(RECORDS TO USE)
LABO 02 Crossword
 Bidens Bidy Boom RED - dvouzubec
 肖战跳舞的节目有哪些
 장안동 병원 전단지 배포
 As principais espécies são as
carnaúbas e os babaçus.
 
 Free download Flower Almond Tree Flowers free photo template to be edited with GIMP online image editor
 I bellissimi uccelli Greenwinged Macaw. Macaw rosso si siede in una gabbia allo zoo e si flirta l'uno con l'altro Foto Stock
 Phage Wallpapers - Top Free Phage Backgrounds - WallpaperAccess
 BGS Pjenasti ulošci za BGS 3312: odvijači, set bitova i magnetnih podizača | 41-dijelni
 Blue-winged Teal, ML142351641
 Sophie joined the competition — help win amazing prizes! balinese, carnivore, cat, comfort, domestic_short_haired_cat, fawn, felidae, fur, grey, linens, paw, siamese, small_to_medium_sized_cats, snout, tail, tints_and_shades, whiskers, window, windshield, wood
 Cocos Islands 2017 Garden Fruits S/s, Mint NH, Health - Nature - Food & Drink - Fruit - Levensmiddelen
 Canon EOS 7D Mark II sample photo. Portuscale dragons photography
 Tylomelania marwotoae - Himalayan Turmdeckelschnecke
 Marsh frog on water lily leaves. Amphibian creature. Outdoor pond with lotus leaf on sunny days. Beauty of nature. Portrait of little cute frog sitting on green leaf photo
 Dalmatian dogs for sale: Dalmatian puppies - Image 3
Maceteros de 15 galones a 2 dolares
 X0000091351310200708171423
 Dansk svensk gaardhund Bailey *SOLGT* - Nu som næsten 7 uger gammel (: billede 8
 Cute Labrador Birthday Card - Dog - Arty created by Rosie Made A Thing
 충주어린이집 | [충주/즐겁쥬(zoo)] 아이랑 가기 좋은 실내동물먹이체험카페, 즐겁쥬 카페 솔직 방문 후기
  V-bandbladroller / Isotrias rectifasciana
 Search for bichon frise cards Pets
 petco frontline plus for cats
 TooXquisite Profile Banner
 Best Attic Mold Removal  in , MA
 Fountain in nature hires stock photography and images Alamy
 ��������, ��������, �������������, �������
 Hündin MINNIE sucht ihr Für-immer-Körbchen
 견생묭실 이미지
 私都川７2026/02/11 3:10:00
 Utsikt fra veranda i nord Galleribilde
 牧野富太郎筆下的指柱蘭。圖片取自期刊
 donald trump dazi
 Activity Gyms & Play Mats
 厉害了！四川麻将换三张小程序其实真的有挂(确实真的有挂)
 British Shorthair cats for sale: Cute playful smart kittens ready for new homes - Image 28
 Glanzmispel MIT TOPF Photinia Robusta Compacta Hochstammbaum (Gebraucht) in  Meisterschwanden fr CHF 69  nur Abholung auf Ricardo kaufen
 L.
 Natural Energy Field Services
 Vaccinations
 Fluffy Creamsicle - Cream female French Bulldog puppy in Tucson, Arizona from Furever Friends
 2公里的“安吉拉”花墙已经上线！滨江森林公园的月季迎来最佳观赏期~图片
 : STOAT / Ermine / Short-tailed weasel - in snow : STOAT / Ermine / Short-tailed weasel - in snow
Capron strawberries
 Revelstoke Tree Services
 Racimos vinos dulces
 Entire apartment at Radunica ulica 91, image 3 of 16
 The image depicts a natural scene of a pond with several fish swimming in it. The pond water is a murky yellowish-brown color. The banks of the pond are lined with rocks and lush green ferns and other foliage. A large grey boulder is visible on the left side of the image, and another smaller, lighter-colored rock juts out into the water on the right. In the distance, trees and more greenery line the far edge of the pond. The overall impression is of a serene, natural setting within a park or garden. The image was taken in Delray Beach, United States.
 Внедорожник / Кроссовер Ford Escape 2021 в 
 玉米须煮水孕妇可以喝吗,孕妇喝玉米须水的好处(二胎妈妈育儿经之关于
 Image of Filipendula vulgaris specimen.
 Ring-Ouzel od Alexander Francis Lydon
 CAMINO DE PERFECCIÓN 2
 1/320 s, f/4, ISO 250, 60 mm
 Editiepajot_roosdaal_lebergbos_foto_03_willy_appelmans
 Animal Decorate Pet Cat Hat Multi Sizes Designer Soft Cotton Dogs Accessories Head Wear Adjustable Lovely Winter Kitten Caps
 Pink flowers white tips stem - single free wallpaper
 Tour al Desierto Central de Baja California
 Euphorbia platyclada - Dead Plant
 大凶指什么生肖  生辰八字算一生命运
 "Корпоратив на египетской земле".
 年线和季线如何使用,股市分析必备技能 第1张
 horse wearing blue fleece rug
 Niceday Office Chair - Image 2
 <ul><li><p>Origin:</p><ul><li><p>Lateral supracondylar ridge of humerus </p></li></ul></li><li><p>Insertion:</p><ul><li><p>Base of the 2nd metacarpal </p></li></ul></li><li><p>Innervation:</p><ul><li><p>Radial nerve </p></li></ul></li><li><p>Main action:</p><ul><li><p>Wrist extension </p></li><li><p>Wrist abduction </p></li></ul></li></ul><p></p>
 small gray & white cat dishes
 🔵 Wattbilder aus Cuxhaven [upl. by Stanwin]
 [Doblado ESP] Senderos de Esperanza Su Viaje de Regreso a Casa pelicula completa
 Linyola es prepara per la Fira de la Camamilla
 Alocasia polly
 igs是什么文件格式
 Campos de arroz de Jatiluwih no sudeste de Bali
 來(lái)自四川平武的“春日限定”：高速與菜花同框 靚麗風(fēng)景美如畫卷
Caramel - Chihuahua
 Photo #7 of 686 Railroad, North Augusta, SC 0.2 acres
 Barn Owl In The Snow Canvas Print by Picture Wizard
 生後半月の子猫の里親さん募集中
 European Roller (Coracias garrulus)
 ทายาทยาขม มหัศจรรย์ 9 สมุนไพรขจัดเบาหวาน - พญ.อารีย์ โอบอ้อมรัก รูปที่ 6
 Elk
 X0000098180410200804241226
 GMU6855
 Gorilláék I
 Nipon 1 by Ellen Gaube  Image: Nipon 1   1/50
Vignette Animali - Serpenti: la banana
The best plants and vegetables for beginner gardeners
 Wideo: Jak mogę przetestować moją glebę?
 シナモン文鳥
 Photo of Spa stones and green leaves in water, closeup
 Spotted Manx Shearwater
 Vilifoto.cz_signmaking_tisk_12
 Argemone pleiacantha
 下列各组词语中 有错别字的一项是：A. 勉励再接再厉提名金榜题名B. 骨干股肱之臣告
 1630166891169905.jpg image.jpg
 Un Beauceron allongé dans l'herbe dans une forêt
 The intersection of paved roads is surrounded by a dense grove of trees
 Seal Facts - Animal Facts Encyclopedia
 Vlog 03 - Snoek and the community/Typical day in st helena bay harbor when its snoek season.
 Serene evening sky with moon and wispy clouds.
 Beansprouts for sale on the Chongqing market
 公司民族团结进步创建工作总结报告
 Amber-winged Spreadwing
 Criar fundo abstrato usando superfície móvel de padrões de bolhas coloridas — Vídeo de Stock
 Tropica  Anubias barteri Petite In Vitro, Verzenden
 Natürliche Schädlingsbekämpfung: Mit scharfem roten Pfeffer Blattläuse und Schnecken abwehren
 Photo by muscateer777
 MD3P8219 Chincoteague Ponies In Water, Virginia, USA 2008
(End RECORDS TO USE)
-- TASK DETAILS --
Take the records above and copy them out exactly.

-- ANSWER SECTION --
LABO 02 Crossword
 Bidens Bidy Boom RED - dvouzubec
 肖战跳舞的节目有哪些
 장안동 병원 전단지 배포
 As principais espécies são as
carnaúbas e os babaçus.
 
 Free download Flower Almond Tree Flowers free photo template to be edited with GIMP online image editor
 I bellissimi uccelli Greenwinged Macaw. Macaw rosso si siede in una gabbia allo zoo e si flirta l'uno con l'altro Foto Stock
 Phage Wallpapers - Top Free Phage Backgrounds - WallpaperAccess
 BGS Pjenasti ulošci za BGS 3312: odvijači, set bitova i magnetnih podizača | 41-dijelni
 Blue-winged Teal, ML142351641
 Sophie joined the competition — help win amazing prizes! balinese, carnivore, cat, comfort, domestic_short_haired_cat, fawn, felidae, fur, grey, linens, paw, siamese, small_to_medium_sized_cats, snout, tail, tints_and_shades, whiskers, window, windshield, wood
 Cocos Islands 2017 Garden Fruits S/s, Mint NH, Health - Nature - Food & Drink - Fruit - Levensmiddelen
 Canon EOS 7D Mark II sample photo. Portuscale dragons photography
 Tylomelania marwotoae - Himalayan Turmdeckelschnecke
 Marsh frog on water lily leaves. Amphibian creature. Outdoor pond with lotus leaf on sunny days. Beauty of nature. Portrait of little cute frog sitting on green leaf photo
 Dalmatian dogs for sale: Dalmatian puppies - Image 3
Maceteros de 15 galones a 2 dolares
 X0000091351310200708171423
 Dansk svensk gaardhund Bailey *SOLGT* - Nu som næsten 7 uger gammel (: billede 8
 Cute Labrador Birthday Card - Dog - Arty created by Rosie Made A Thing
 충주어린이집 | [충주/즐겁쥬(zoo)] 아이랑 가기 좋은 실내동물먹이체험카페, 즐겁쥬 카페 솔직 방문 후기
  V-bandbladroller / Isotrias rectifasciana
 Search for bichon frise cards Pets
 petco frontline plus for cats
 TooXquisite Profile Banner
 Best Attic Mold Removal  in , MA
 Fountain in nature hires stock photography and images Alamy
 ��������, ��������, �������������, �������
 Hündin MINNIE sucht ihr Für-immer-Körbchen
 견생묭실 이미지
 私都川７2026/02/11 3:10:00
 Utsikt fra veranda i nord Galleribilde
 牧野富太郎筆下的指柱蘭。圖片取自期刊
 donald trump dazi
 Activity Gyms & Play Mats
 厉害了！四川麻将换三张小程序其实真的有挂(确实真的有挂)
 British Shorthair cats for sale: Cute playful smart kittens ready for new homes - Image 28
 Glanzmispel MIT TOPF Photinia Robusta Compacta Hochstammbaum (Gebraucht) in  Meisterschwanden fr CHF 69  nur Abholung auf Ricardo kaufen
 L.
 Natural Energy Field Services
 Vaccinations
 Fluffy Creamsicle - Cream female French Bulldog puppy in Tucson, Arizona from Furever Friends
 2公里的“安吉拉”花墙已经上线！滨江森林公园的月季迎来最佳观赏期~图片
 : STOAT / Ermine / Short-tailed weasel - in snow : STOAT / Ermine / Short-tailed weasel - in snow
Capron strawberries
 Revelstoke Tree Services
 Racimos vinos dulces
 Entire apartment at Radunica ulica 91, image 3 of 16
 The image depicts a natural scene of a pond with several fish swimming in it. The pond water is a murky yellowish-brown color. The banks of the pond are lined with rocks and lush green ferns and other foliage. A large grey boulder is visible on the left side of the image, and another smaller, lighter-colored rock juts out into the water on the right. In the distance, trees and more greenery line the far edge of the pond. The overall impression is of a serene, natural setting within a park or garden. The image was taken in Delray Beach, United States.
 Внедорожник / Кроссовер Ford Escape 2021 в 
 玉米须煮水孕妇可以喝吗,孕妇喝玉米须水的好处(二胎妈妈育儿经之关于
 Image of Filipendula vulgaris specimen.
 Ring-Ouzel od Alexander Francis Lydon
 CAMINO DE PERFECCIÓN 2
 1/320 s, f/4, ISO 250, 60 mm
 Editiepajot_roosdaal_lebergbos_foto_03_willy_appelmans
 Animal Decorate Pet Cat Hat Multi Sizes Designer Soft Cotton Dogs Accessories Head Wear Adjustable Lovely Winter Kitten Caps
 Pink flowers white tips stem - single free wallpaper
 Tour al Desierto Central de Baja California
 Euphorbia platyclada - Dead Plant
 大凶指什么生肖  生辰八字算一生命运
 "Корпоратив на египетской земле".
 年线和季线如何使用,股市分析必备技能 第1张
 horse wearing blue fleece rug
 Niceday Office Chair - Image 2
 <ul><li><p>Origin:</p><ul><li><p>Lateral supracondylar ridge of humerus </p></li></ul></li><li><p>Insertion:</p><ul><li><p>Base of the 2nd metacarpal </p></li></ul></li><li><p>Innervation:</p><ul><li><p>Radial nerve </p></li></ul></li><li><p>Main action:</p><ul><li><p>Wrist extension </p></li><li><p>Wrist abduction </p></li></ul></li></ul><p></p>
 small gray & white cat dishes
 🔵 Wattbilder aus Cuxhaven [upl. by Stanwin]
 [Doblado ESP] Senderos de Esperanza Su Viaje de Regreso a Casa pelicula completa
 Linyola es prepara per la Fira de la Camamilla
 Alocasia polly
 igs是什么文件格式
 Campos de arroz de Jatiluwih no sudeste de Bali
 來(lái)自四川平武的“春日限定”：高速與菜花同框 靚麗風(fēng)景美如畫卷
Caramel - Chihuahua
 Photo #7 of 686 Railroad, North Augusta, SC 0.2 acres
 Barn Owl In The Snow Canvas Print by Picture Wizard
 生後半月の子猫の里親さん募集中
 European Roller (Coracias garrulus)
 ทายาทยาขม มหัศจรรย์ 9 สมุนไพรขจัดเบาหวาน - พญ.อารีย์ โอบอ้อมรัก รูปที่ 6
 Elk
 X0000098180410200804241226
 GMU6855
 Gorilláék I
 Nipon 1 by Ellen Gaube  Image: Nipon 1   1/50
Vignette Animali - Serpenti: la banana
The best plants and vegetables for beginner gardeners
 Wideo: Jak mogę przetestować moją glebę?
 シナモン文鳥
 Photo of Spa stones and green leaves in water, closeup
 Spotted Manx Shearwater
 Vilifoto.cz_signmaking_tisk_12
 Argemone pleiacantha
 下列各组词语中 有错别字的一项是：A. 勉励再接再厉提名金榜题名B. 骨干股肱之臣告
 1630166891169905.jpg image.jpg
 Un Beauceron allongé dans l'herbe dans une forêt
 The intersection of paved roads is surrounded by a dense grove of trees
 Seal Facts - Animal Facts Encyclopedia
 Vlog 03 - Snoek and the community/Typical day in st helena bay harbor when its snoek season.
 Serene evening sky with moon and wispy clouds.
 Beansprouts for sale on the Chongqing market
 公司民族团结进步创建工作总结报告
 Amber-winged Spreadwing
 Criar fundo abstrato usando superfície móvel de padrões de bolhas coloridas — Vídeo de Stock
 Tropica  Anubias barteri Petite In Vitro, Verzenden
 Natürliche Schädlingsbekämpfung: Mit scharfem roten Pfeffer Blattläuse und Schnecken abwehren
 Photo by muscateer777
 MD3P8219 Chincoteague Ponies In Water, Virginia, USA 2008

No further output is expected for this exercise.